PATCH’s upcoming event, a SOWFLO secret show on the library lawn from 11 a.m. to 3 p.m. on Feb. 16, was made possible by PATCH member Colby Heuseveldt, who contacted the local rock Reggae band and got them to come for free.

SOWFLO was recently named the No. 1 Southwest Florida Reggae band by the SPOT Magazine Awards, which was voted on by more than 25,000 online voters.

The free concert at the Veterans Pavilion, which is rumored to include free band merchandise, is open to the public. The National Society of Leadership and Success, International Organization, Enlighten Us, Students for Sensitive Drug Policy, the Republic Organization and others will be tabling at the event.

The mission of the concert is to promote Autism Community Day at Gulf Coast Town Center. The 11 a.m. to 4 p.m. event on April 16 will benefit My Autism Connection. Specifically, it will go toward fundraising for MAC’s Program for the Education and Enrichment of Relational Skills. The program is intended for middle and high school age students on the autism spectrum to help them make and keep friends.

The money earned will benefit the families who cannot afford to enter their child in the PEERS program. MAC’s goal is to fundraise $45,000, but a portion of the proceeds will be going to PATCH.

“The program is costly, so we need to do as much fundraising as possible,” Trincado said.

PATCH is aiming to raise $63,000 to ensure MAC makes a better portion of the proceeds.

“I got the opportunity to go into Tanglewood Elementary and do arts and crafts with students once a month,” said Lindsey Connelly, a junior elementary education major. “That was where I found my passion for children, and I actually declared my major as elementary education that semester.”

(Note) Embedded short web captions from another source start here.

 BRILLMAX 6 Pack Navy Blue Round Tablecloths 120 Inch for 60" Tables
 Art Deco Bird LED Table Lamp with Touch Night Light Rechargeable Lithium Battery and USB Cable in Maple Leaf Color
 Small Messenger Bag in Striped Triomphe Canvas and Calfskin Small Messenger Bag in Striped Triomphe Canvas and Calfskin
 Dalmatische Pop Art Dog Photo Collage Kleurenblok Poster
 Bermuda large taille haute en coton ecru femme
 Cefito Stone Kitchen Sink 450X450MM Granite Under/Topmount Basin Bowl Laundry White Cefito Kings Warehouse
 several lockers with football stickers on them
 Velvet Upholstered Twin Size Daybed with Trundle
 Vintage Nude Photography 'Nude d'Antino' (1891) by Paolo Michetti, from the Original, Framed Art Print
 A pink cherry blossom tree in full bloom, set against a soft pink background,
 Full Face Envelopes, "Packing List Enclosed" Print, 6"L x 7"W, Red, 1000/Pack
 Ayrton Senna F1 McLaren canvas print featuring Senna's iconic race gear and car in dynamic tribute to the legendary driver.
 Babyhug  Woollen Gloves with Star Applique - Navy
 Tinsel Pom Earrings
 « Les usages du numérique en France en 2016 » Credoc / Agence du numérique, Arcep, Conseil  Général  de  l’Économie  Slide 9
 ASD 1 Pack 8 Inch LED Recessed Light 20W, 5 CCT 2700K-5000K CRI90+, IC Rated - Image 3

The most common service-learning opportunity PATCH offers is doing arts and crafts style projects with children, who have disabilities, at local area schools. But, other opportunities includes things like the SOWFLO secret show and car washes.

“I am so thankful I found PATCH because I have been able to watch so many children benefit from the events that have been able to participate in,” Connelly said.